→ ACTIVITY: Apart from the images, reproduce every record word for word.

(Pictures with short captions)
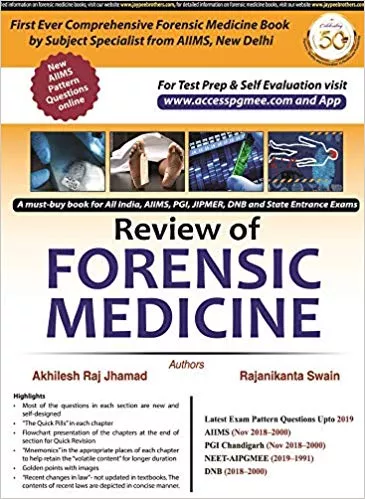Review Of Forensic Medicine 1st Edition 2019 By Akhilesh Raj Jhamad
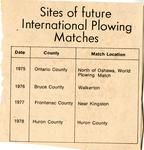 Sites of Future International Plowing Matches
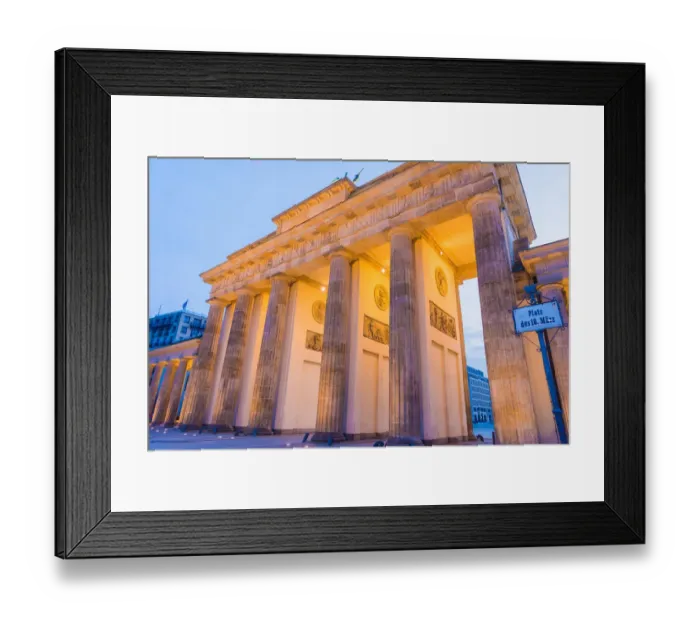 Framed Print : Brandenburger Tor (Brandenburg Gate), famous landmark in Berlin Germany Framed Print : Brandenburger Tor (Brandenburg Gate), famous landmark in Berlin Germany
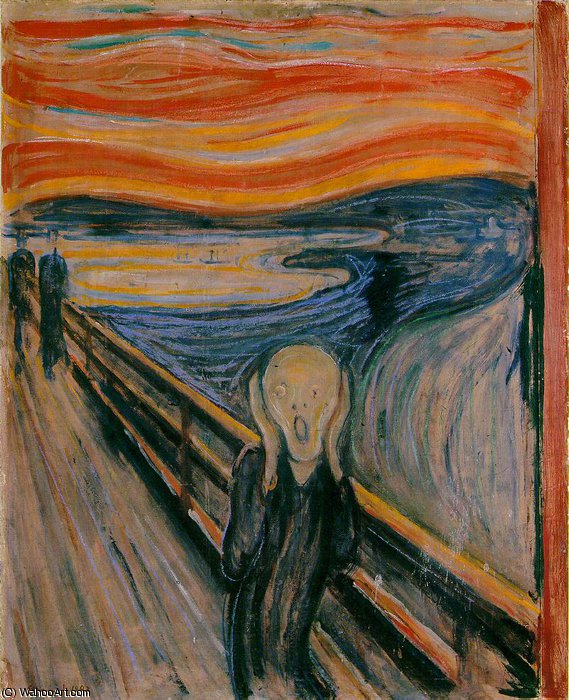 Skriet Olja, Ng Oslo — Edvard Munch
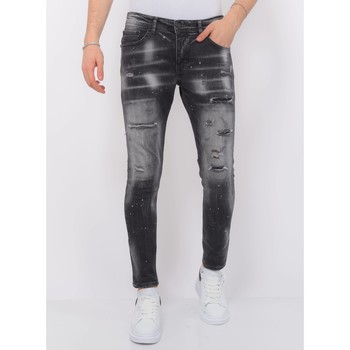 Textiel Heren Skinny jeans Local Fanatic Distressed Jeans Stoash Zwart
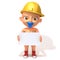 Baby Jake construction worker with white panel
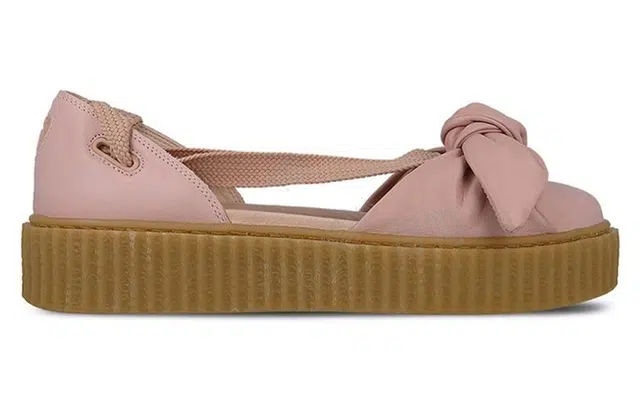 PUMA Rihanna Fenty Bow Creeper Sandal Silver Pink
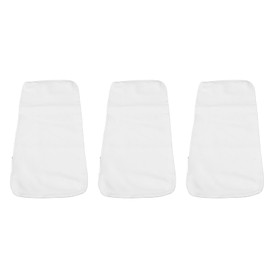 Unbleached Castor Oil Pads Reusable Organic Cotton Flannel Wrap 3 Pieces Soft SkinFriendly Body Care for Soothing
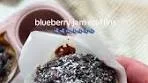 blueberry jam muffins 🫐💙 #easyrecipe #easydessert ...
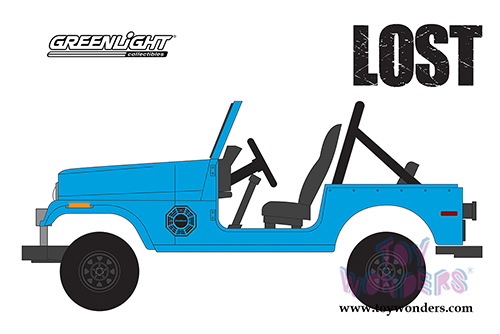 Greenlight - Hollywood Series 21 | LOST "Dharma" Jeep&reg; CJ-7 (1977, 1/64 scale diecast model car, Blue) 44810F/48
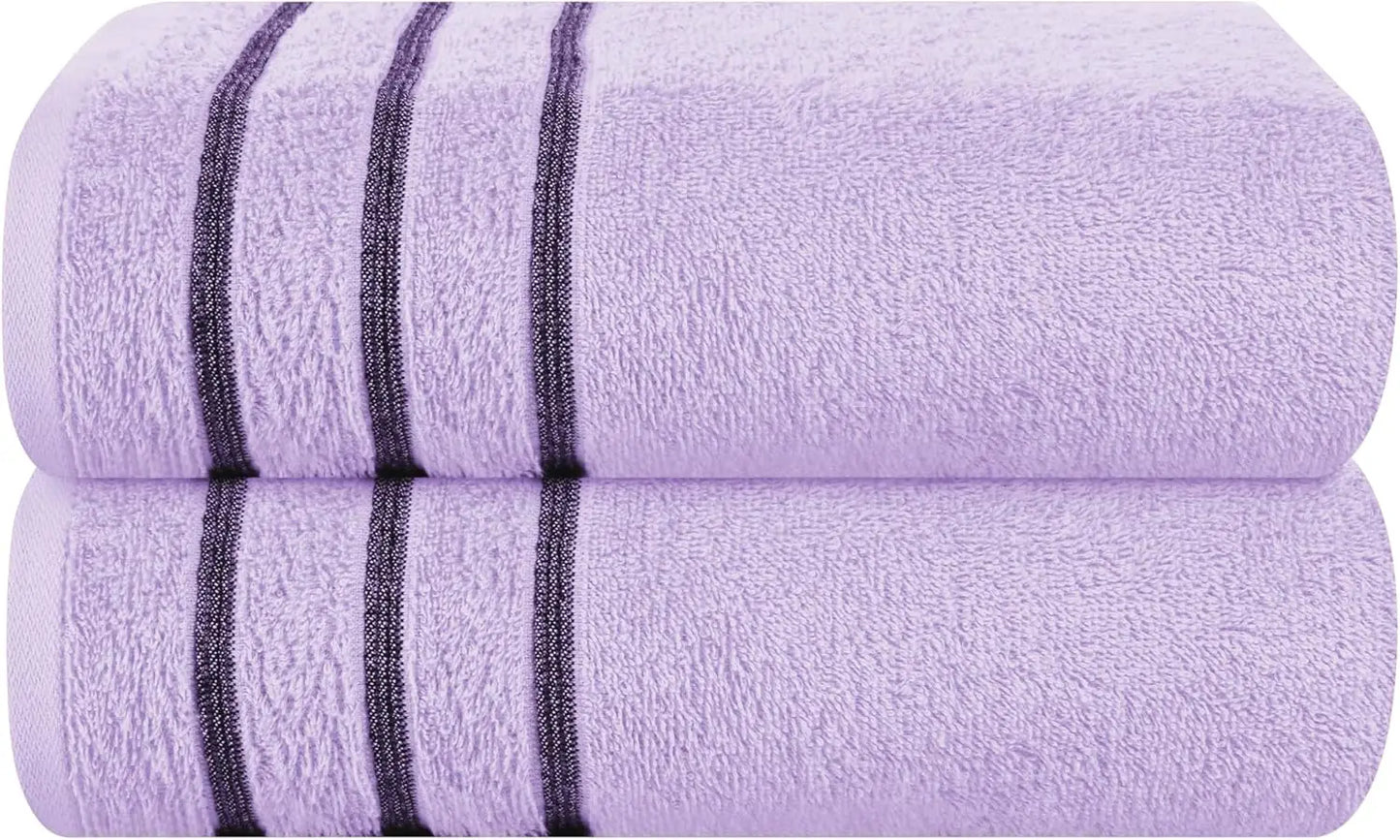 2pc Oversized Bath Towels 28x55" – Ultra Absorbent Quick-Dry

→ WRITTEN RESPONSE:
Review Of Forensic Medicine 1st Edition 2019 By Akhilesh Raj Jhamad
 Sites of Future International Plowing Matches
 Framed Print : Brandenburger Tor (Brandenburg Gate), famous landmark in Berlin Germany Framed Print : Brandenburger Tor (Brandenburg Gate), famous landmark in Berlin Germany
 Skriet Olja, Ng Oslo — Edvard Munch
 Textiel Heren Skinny jeans Local Fanatic Distressed Jeans Stoash Zwart
 Baby Jake construction worker with white panel
 PUMA Rihanna Fenty Bow Creeper Sandal Silver Pink
 Unbleached Castor Oil Pads Reusable Organic Cotton Flannel Wrap 3 Pieces Soft SkinFriendly Body Care for Soothing
 blueberry jam muffins 🫐💙 #easyrecipe #easydessert ...
 Greenlight - Hollywood Series 21 | LOST "Dharma" Jeep&reg; CJ-7 (1977, 1/64 scale diecast model car, Blue) 44810F/48
 2pc Oversized Bath Towels 28x55" – Ultra Absorbent Quick-Dry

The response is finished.